I like to think that over those cups of cocoa and platters of muffins I am teaching them how to be good runners: runners to the Lord, runners away from sin, runners to the lost, bound, and bruised. But really, it’s not me, of course, if they are taking anything away from it. It’s Jesus. But I am doing what I can do.
They are “good” girls, raised in Christian homes, but I don’t ever want them to think that that’s enough. Their faith isn’t worth much until they are doing much with their faith.
When I was in high school I did more than a little bit of
speech and drama, so last week when the drama coach asked me to come in and critique/coach
some students I jumped at the opportunity.
Oh man. Talk about memories flooding back! Being in the same
coaching room, being in the same theatre, walking the same hallways—all places
I have not been since I was in high school.
And speaking of high school, have I ever told you that all
of this long hair is a new addition?
London, junior year of high school. |
And as I sat there, critiquing and coaching these kids—kids I
don’t know and who don’t know me—I was overwhelmed. Overwhelmed by this crazy
kind of love to know these kids, to invest into their lives, to tell them that
there is more beyond that crappy home life I see creeping into their acting,
stripping them of their dignity, confidence, positive outlook, and replacing it
with fear, bitterness, and apathy.
That’s just the way of the devil isn’t it? To capitalize
upon someone’s misfortunes and weaknesses (Romans 7:7-8). He does what he can.
“You’ve got a crappy home life?” the devil asks. “Great, now
I am going to make you think all those things your parents say about you is
true.”
“You struggle with depression? Excellent. Now I am going to
make you depressed that you are depressed.”
“Your desire is to covet? Have you seen the car the
neighbors just bought?”
“Greed? Oh don’t worry…the greed will go away when you make
another few thousands of dollars.”
I came away wanting to cry, or punch the devil, or run back
into the department and yell “It doesn’t have to be like this! I promise!!
There is an answer to all of this!!”
God must have heard my heart: Something has come up that I
think will get me into their lives. I hope so. Either way, I am praying for
them; it's something I can do.
My heart just goes out to miserable people who don’t know
the Lord, you know?
I have been studying the Law a lot lately, both at church,
home, small group. It seems to be coming up everywhere.
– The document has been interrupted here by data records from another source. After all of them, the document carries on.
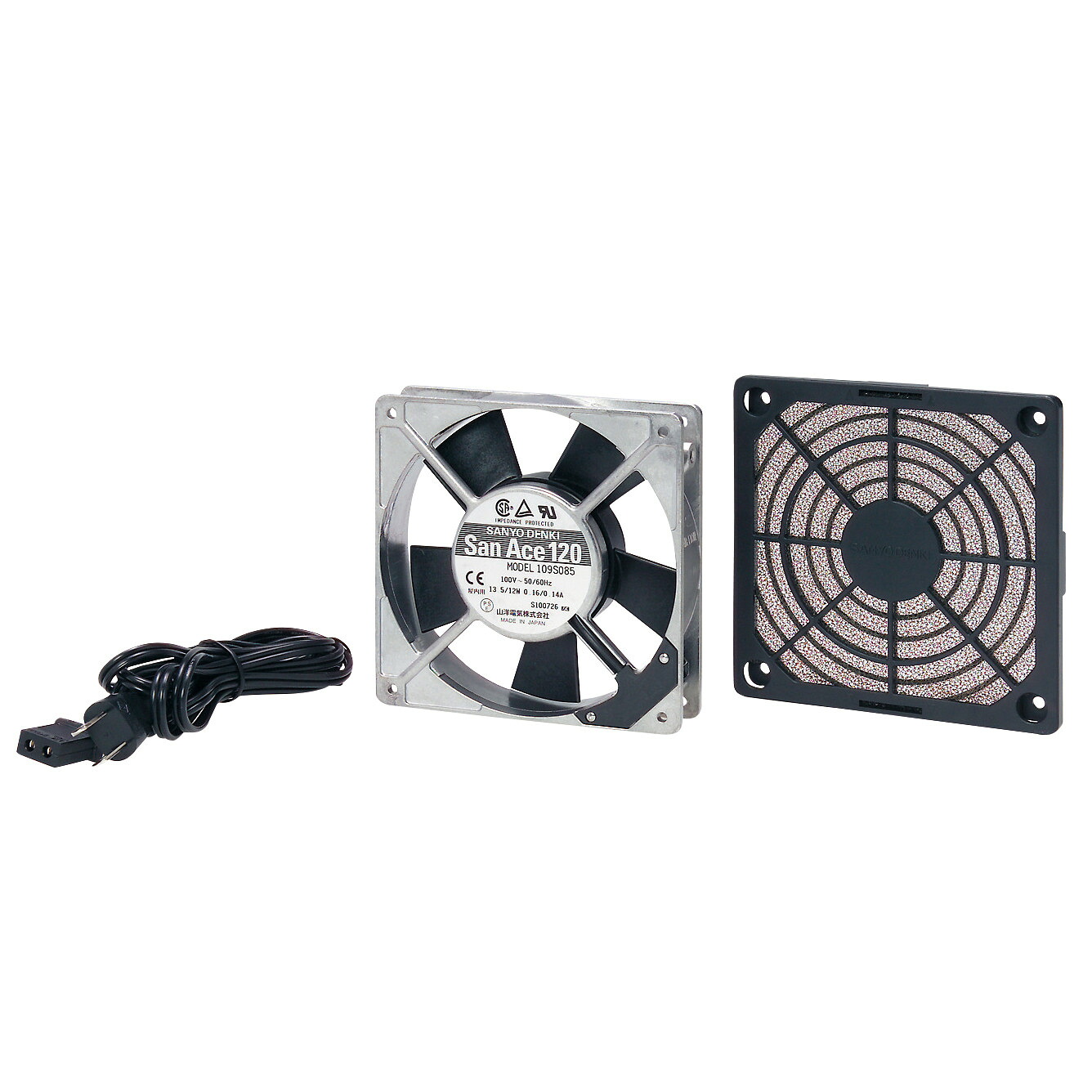 サンワサプライ 放熱ファン低速(静音)タイプ (CP-SFANS-A) ※完成品|その他店舗用品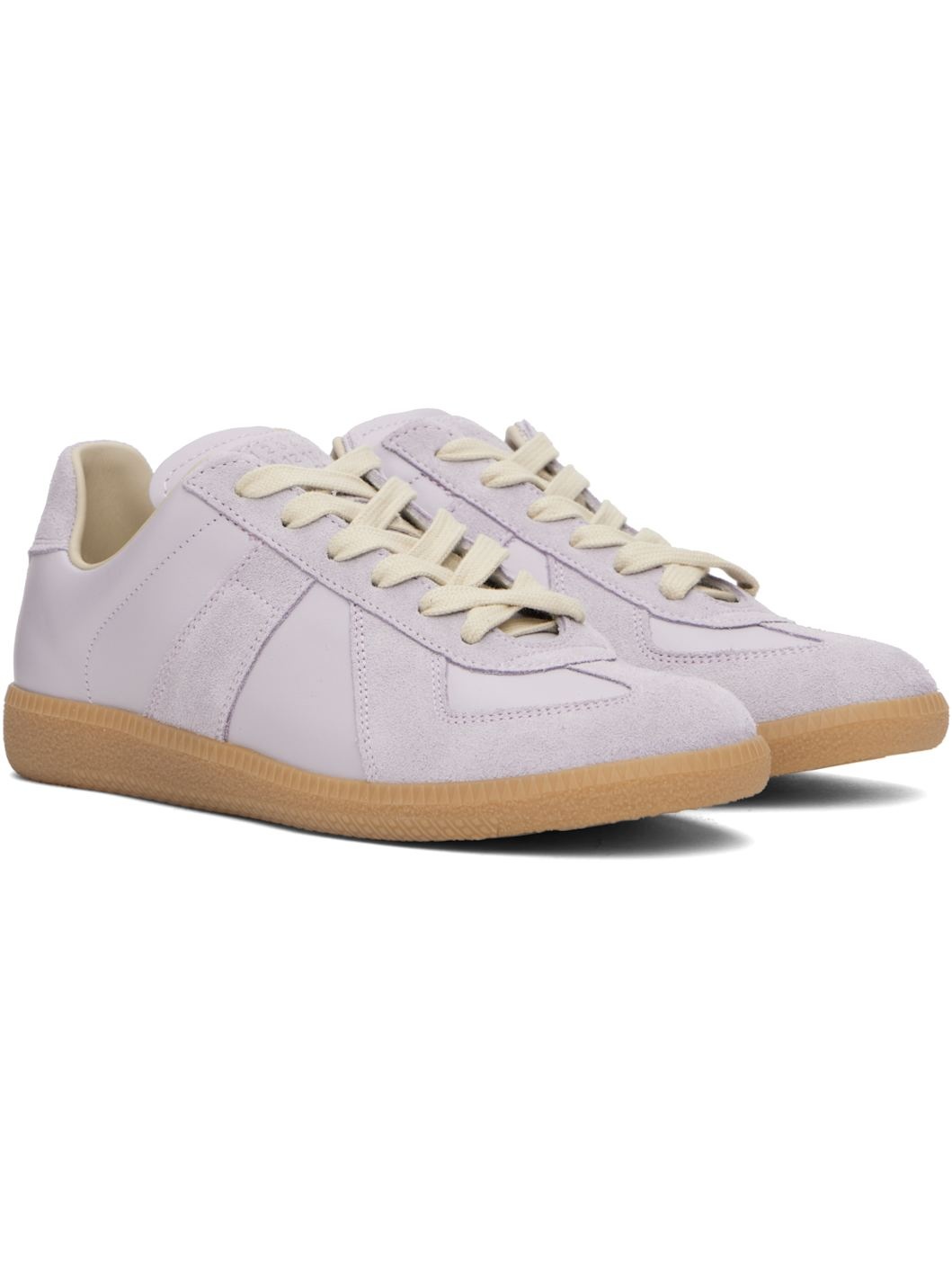 Purple Replica Sneakers - 4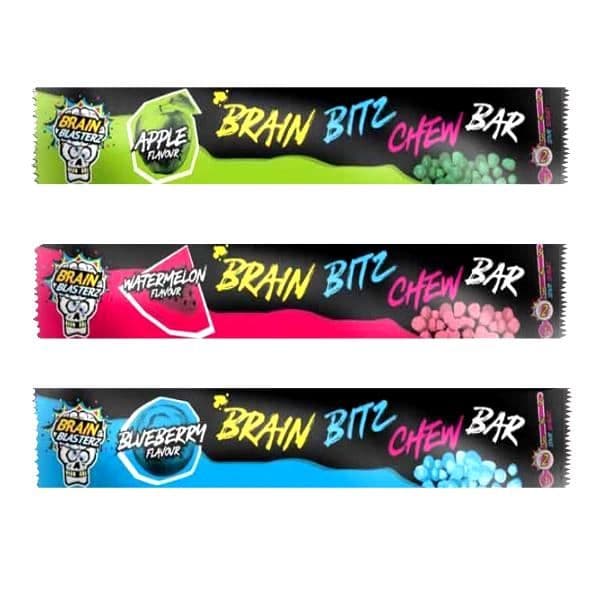 Brain Blasterz Chew Bar 24x20g($0.50/Unit)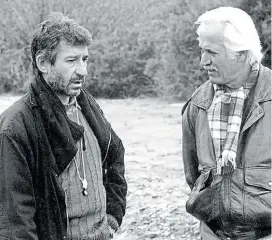  ??  ?? “Un lugar en el mundo” (1992). De Aristarain, con Sacristán y Luppi.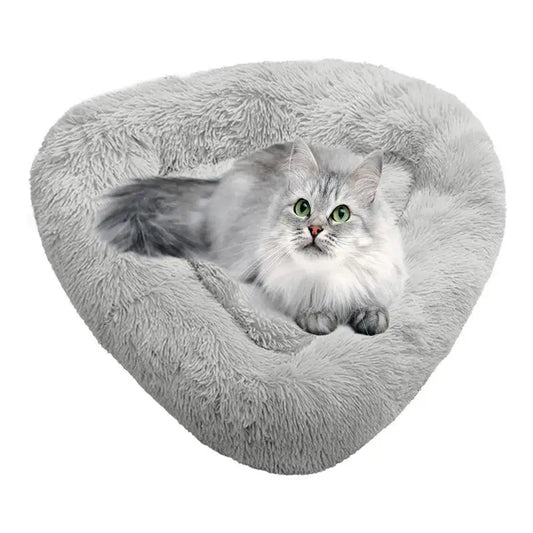 Pawfect Triangle Cat Bed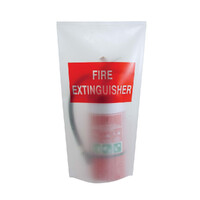 4.5kg Fire Extinguisher UV Treated Vinyl Cover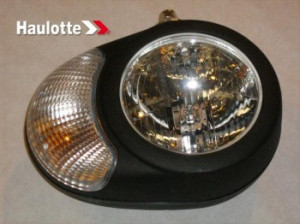 Far fata stanga pentru incarcator telescopic Haulotte HTL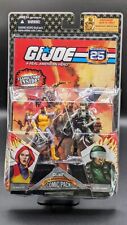 G.I. Joe 25th Anniversary Comic 2-Pack SCARLETT v9 & GI Joe HAWK v1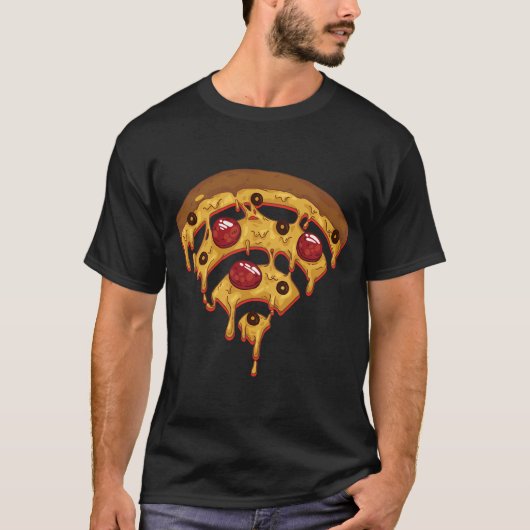 T-shirt Jésus et la tentation. (Devant)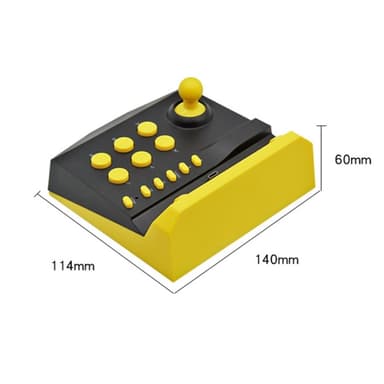 Yhteensopiva Nintendo Switch / Switch Lite Joystick Control Turbon kanssa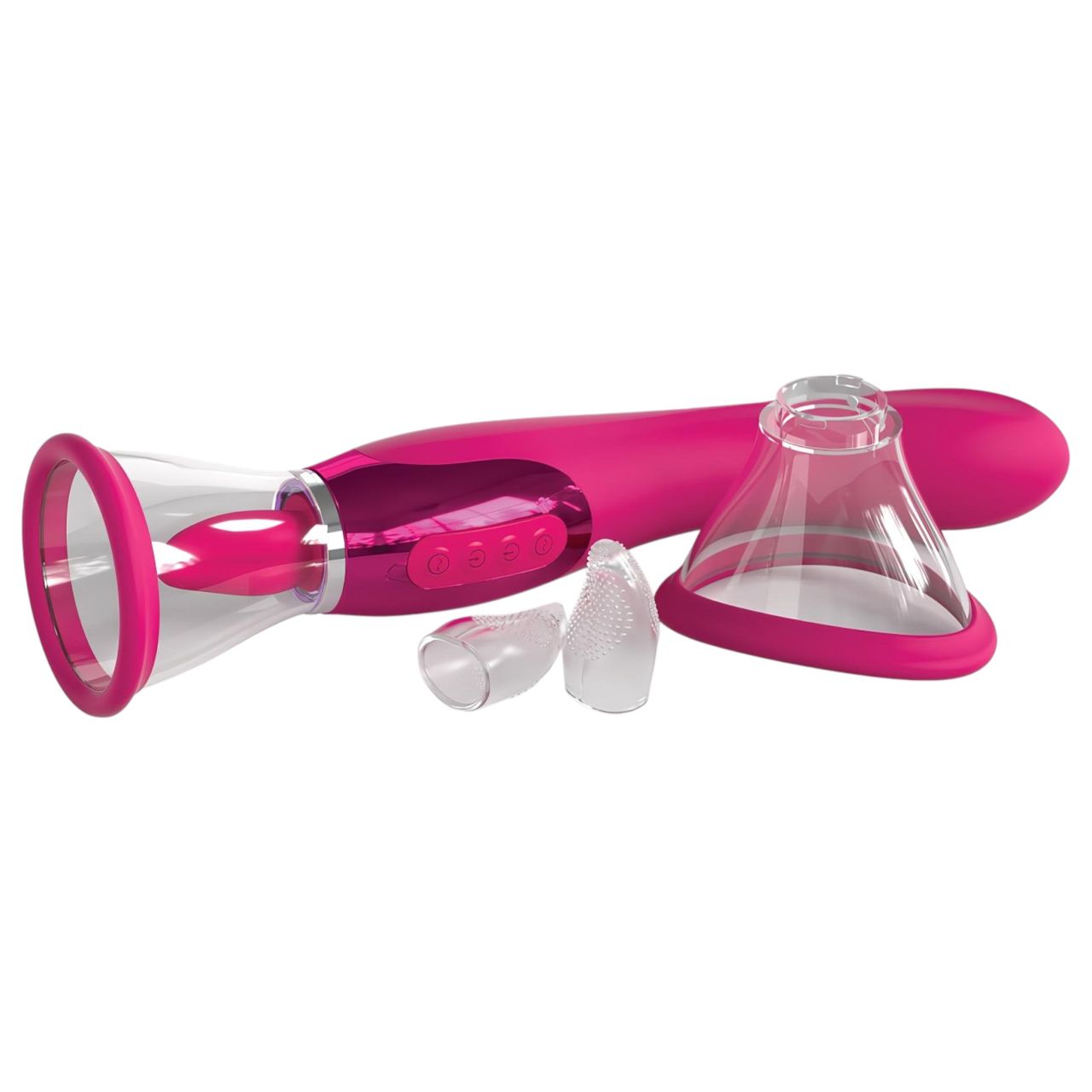 JimmyJane Apex - nyelves 2in1 vibrátor (pink) JimmyJane Apex - nyelves 2in1 vibrátor (pink)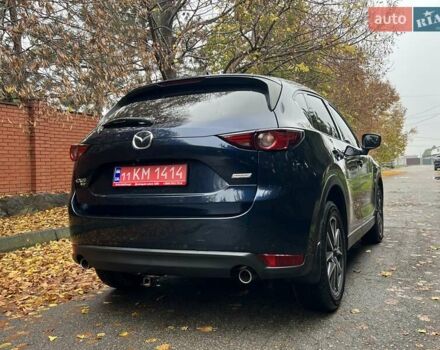 Синий Мазда СХ-5, объемом двигателя 2.49 л и пробегом 145 тыс. км за 18900 $, фото 16 на Automoto.ua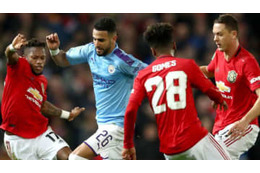 なぜユナイテッドは敗れたか。シティOBリチャーズが指摘する「中盤の違い」とは？ 画像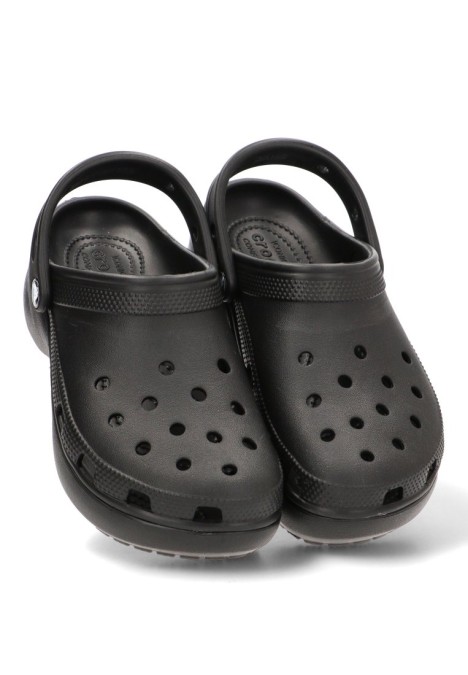 Zueco de playa negro para mujer CROCS 206750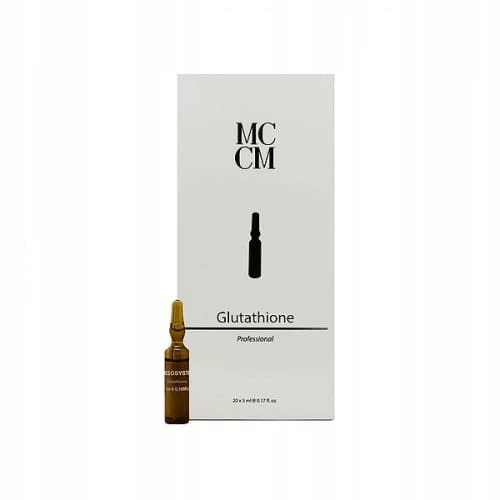 mccm glutathione brightening ampoules
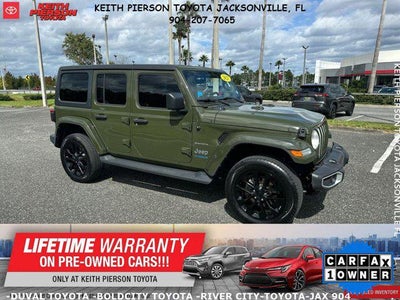 2021 Jeep Wrangler 4xe Unlimited Sahara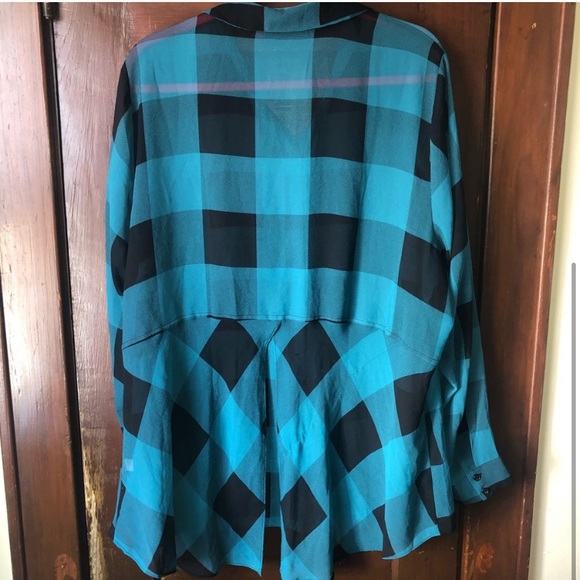 Lane Bryant Button Down Top 18/20 - Picture 5 of 7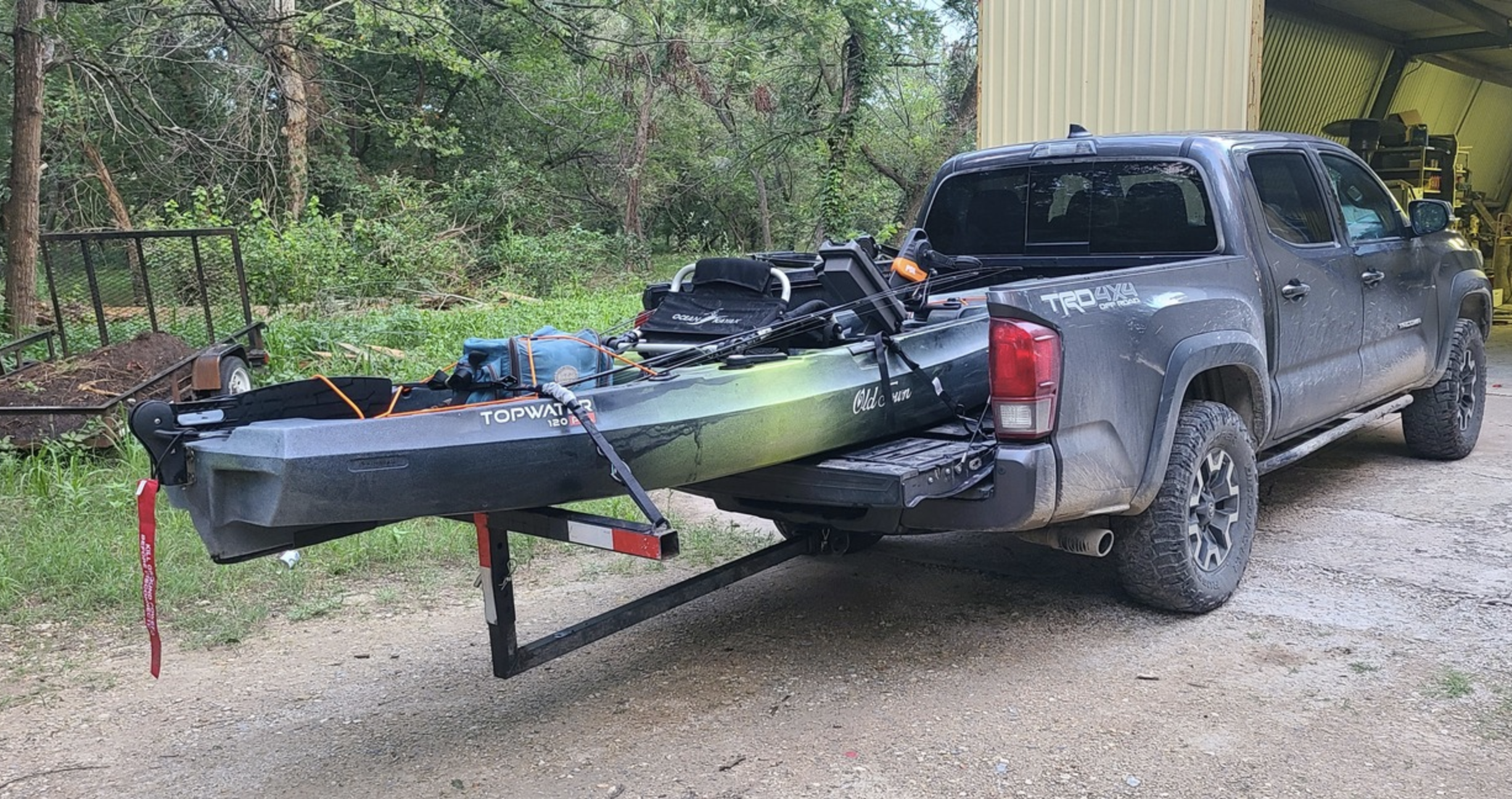 TorkStrap M500 Spring Loaded Kayak Strap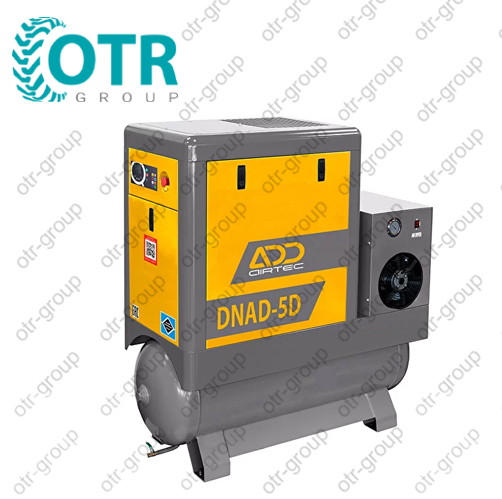Винтовые компрессоры ADD Airtec DNAD-5D/DNAD-7D/DNAD-11D/DNAD-15D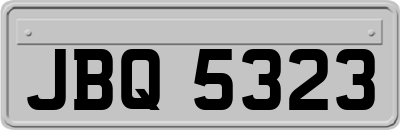 JBQ5323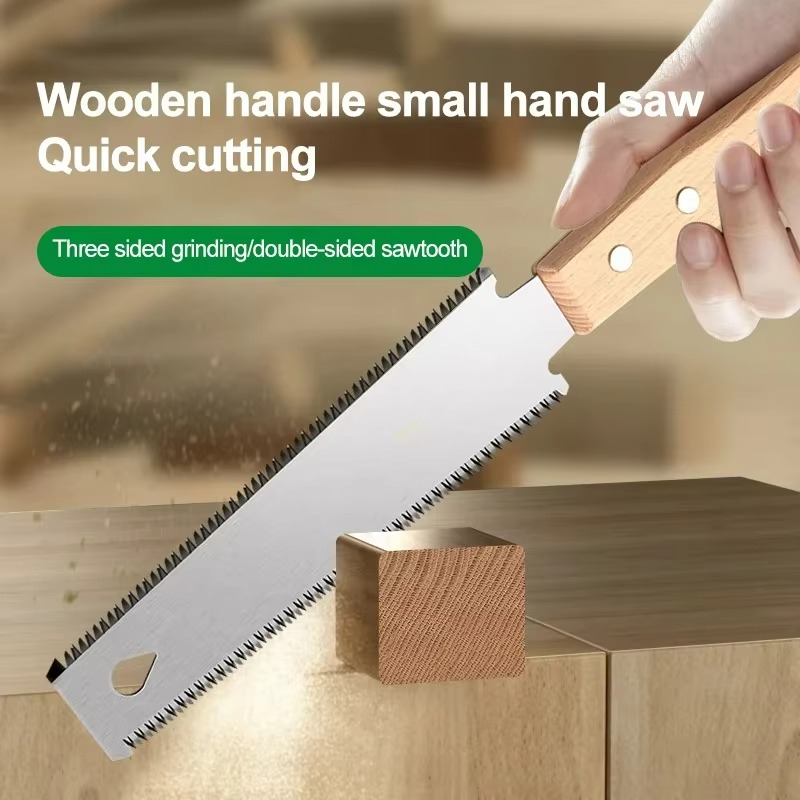 Skanto | Japanische Zugsäge | Präzisions-Handsäge für die Holzbearbeitung | Stahlklinge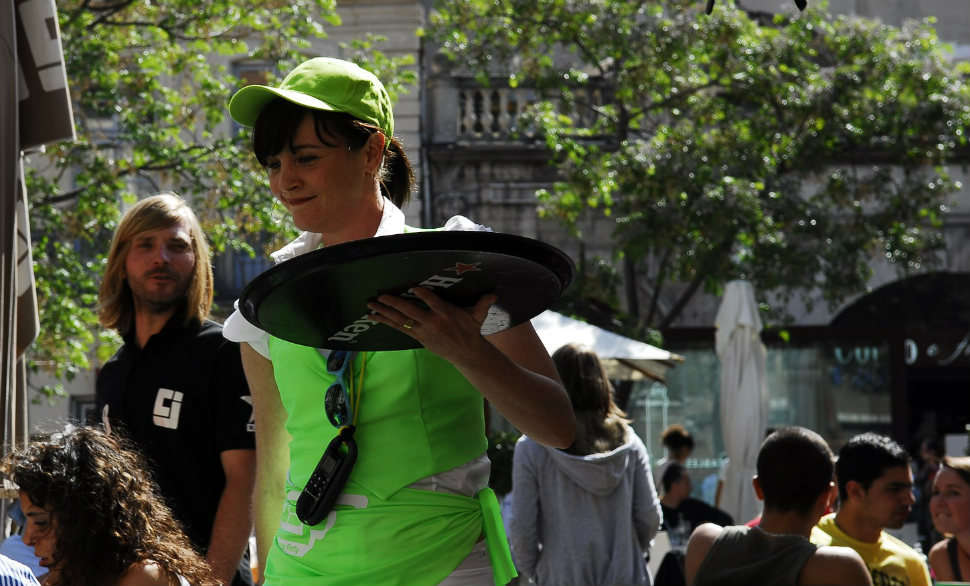Empleo en Europa frente España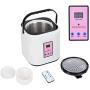 AW 2L Portable Steam Sauna Spa Full Body Sauna Tent Slim Weight Loss Detox Therapy Home with Chair Remote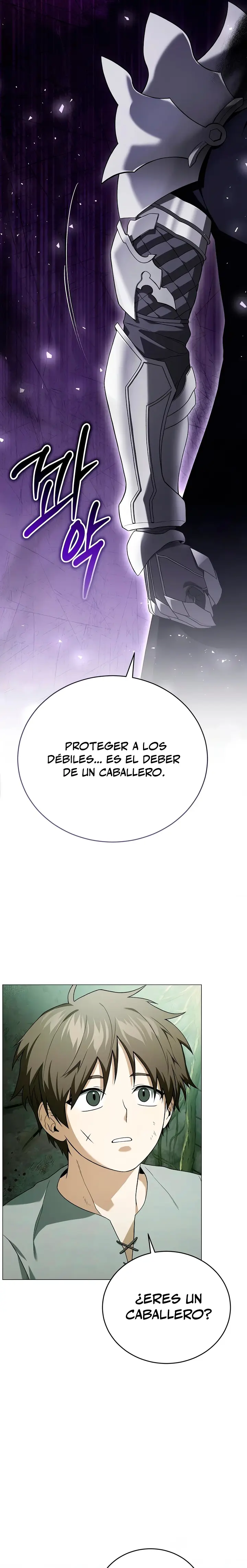 ¿Es malo que el personaje principal sea un roleplayer? Capitulo 2 página 31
I am so convicted of how all of us are such terrible law
breakers, full of no good thing, deserving of every nasty thing that
could/has/does happen to us.
Mercy is a miracle, you know that? And like most miracles,
it doesn’t make a bit of sense.
Jesus, the God of this universe, came to become the curse
that was on us, the curse that is on those kids, the curse that is on your
co-workers, family members, whoever. He took that law, all of those things we
cannot fulfill, and he said, “All of the perfection you do not possess but that
I do, is yours. And all of that corruption that is your only possession that I
have no portion of, I will take as mine. Where you are powerless to save, I
have come to deliver. All that the law made you powerless to do, I will do.”
I sigh. There is so much to do. The gospel is not ours to
keep. Most of the world needs to hear it, and even some of those who have heard
it now need to be taught what to do with it.
Can we do it all? No.
But Jesus already has.Can we save all? No.
But Jesus already died for all.
Can we do what we can do? Oh kids, my prayer is that we WOULD do what we can do. My prayer is that we would be runners. Runners TO God, away from sin, towards the broken.